Multiple sclerosis and sexual dysfunction
Zhen-Ni Guo, Si-Yuan He, Hong-Liang Zhang, Jiang Wu, and Yi Yang, Asian J Androl. Jul 2012; 14(4): 530–535.
Among other clinical manifestations, sexual dysfunction (SD) is a painful but still underreported and underdiagnosed symptom of the disorder. SD in MS patients may result from a complex set of conditions and may be associated with multiple anatomic, physiologic, biologic, medical and psychological factors. SD arises primarily from lesions affecting the neural pathways involved in physiologic function. In addition, psychological factors, the side effects of medications and physical symptoms such as fatigue, muscular weakness, menstrual changes, pain and concerns about bladder and bowel incontinence may also be involved. Since MS primarily affects young people, SD secondary to MS may have a great impact on quality of life.
Figure: SD in MS patients can be owing to lesions affecting the neural pathways that are involved in physiologic function, among which the HPA axis and the HPG axis might be compromised. Psychological factors such as depression, side effects of medications and physical symptoms including fatigue and muscular weakness may contribute to the pathogenesis of SD in MS. (−) denotes compromising effects. HPA, hypothalamic–pituitary–adrenal; HPG, hypothalamic–pituitary–gonadal; MS, multiple sclerosis; SD, sexual dysfunction.
Any mention of sex, sexual dysfunction is sure fire way to kill a conversation, it’s also very ‘British’ to skirt around personal and taboo subjects! However, as the topic featured one too many times in my clinic this week, I felt it was time to take another look at this…
MS like other chronic medical conditions is frequently associated with SD. Around 40-74% of female MSers report SD; most frequently due to a reduced drive, difficulty in orgasming, reduced sensation in the genital area and vaginal dryness leading to pain during intercourse. Whilst, men commonly report erectile dysfunction (50-75%), followed by ejaculatory dysfunction/ difficulty orgasming and reduced drive.
The causes are not well known, but largely multifactorial (refer to above figure). It is not only due to MS lesions affecting the neural pathways involved in sexual function, but also psychological factors, medication related (around 30-60% on SSRI anti-depressants have related SD), tiredness, muscle weakness, pain, and concerns over bladder/bowel incontinence etc.
Researchers have found an increase in the levels of the stress hormone cortisol in MSers, suggesting hyperactivity of the HPA axis (H=hypothalamus is the main link between the nervous and hormonal system, and is involved in a myriad of functions including the regulation of appetite, sleep-wake cycle, immune system, sexuality, mood etc.).
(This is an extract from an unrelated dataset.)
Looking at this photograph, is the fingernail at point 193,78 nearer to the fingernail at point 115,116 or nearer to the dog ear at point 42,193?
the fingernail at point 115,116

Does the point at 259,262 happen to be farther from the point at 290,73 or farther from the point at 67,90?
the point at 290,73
While, the interruption of the HPG axis affects sex hormone production and reproductive function. We know that relapse activity in female MSers is related to sex hormones – low progesterone at the start of menstruation is associated with frequent relapses or worsening symptoms, whilst the relapse rate reduces during the last three months of pregnancy owing to increased oestrogen and progesterone levels, which later increases again in the three months post delivery as the hormones drop off. In male MSers low blood testosterone levels is associated with erectile dysfunction, diminished drive and potentially lowered sperm count.
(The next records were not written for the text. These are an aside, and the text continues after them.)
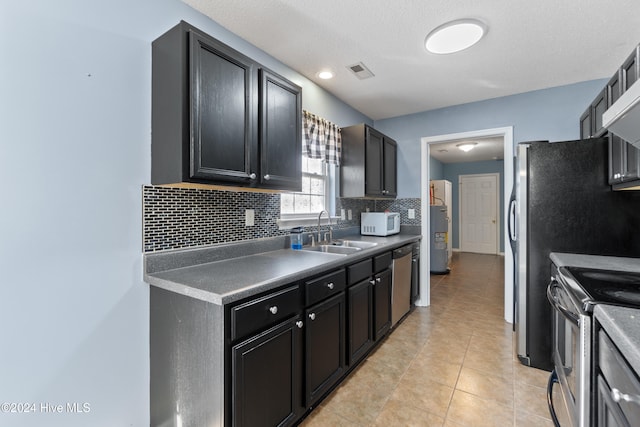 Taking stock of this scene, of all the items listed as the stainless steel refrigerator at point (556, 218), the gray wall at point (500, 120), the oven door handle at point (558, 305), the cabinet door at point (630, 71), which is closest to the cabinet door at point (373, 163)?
the gray wall at point (500, 120)

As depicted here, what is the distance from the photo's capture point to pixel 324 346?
69.6 inches

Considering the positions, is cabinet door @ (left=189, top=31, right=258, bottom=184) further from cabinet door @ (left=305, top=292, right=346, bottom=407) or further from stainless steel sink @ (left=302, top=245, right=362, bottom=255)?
stainless steel sink @ (left=302, top=245, right=362, bottom=255)

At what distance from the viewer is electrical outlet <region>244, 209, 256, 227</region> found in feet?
6.91

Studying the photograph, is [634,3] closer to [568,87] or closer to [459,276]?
[568,87]

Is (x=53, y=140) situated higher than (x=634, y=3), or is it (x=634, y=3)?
(x=634, y=3)

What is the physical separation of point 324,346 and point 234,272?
0.74 meters

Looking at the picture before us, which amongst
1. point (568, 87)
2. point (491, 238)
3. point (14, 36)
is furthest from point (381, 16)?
point (491, 238)

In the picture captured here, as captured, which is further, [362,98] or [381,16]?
[362,98]

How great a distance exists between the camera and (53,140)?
1236 mm

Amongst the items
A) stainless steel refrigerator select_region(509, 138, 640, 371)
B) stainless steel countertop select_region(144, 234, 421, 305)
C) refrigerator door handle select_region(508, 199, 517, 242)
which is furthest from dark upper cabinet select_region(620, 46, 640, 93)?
stainless steel countertop select_region(144, 234, 421, 305)

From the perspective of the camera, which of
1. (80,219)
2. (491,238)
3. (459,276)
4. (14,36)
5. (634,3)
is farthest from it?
(491,238)

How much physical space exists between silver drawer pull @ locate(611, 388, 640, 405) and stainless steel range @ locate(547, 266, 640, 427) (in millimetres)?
331

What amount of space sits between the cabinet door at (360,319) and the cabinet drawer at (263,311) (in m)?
0.65

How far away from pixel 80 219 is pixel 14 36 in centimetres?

The first-line for male SD are phosphodiesterase type 5 inhibitors (sildenafil = Viagra, Vardenafil = Levitra, Tadalafil = Cialis) which increase cyclic guanosine monophosphate levels (cGMP) leading to smooth muscle relaxation and increased inflow of blood. Other vasoactive agents (drugs which increase the calibre of blood vessels) such as prostoglandin E1 (Caverject, Viridal) also induce erections through smooth muscle relaxation can also be used. Dopamine agonists, such as apomorphine act in the central nervous system with an affinity for D2 brain receptors known to be involved in sexual function can be used in either sex. Replacement of sex hormones (oestrogen and progesterone) in those with low levels may also be another therapeutic option in SD. Alternatively, psychotherapy and counselling when done correctly can result in marked improvements in SD.
Overall, SD in MS is complex and requires a multifactorial approach. In men at least there appears to be several directly acting oral drugs, but in women hormonal therapy and psychotherapy may be the way to go.